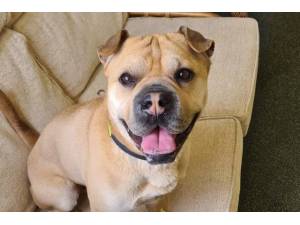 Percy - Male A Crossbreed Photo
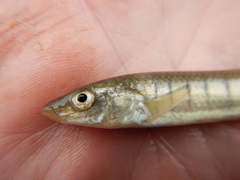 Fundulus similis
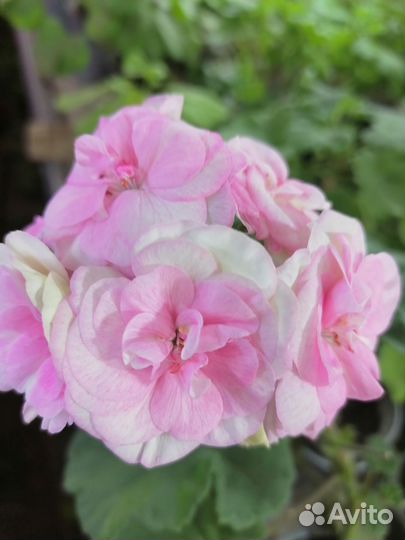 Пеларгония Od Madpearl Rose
...
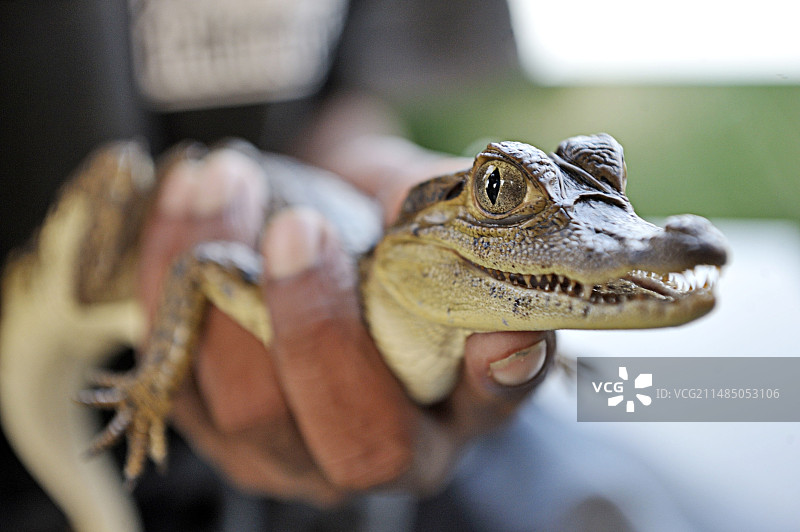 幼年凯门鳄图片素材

■ Work item
Everything above from the line that has "Percy - Male A Crossbreed Photo" down to the line that has "Пеларгония Od Madpearl Rose" should be output exactly, with both of those lines included. Leave the pictures behind.

■ Answer
 Percy - Male A Crossbreed Photo
 Fundulus similis
 Пеларгония Od Madpearl Rose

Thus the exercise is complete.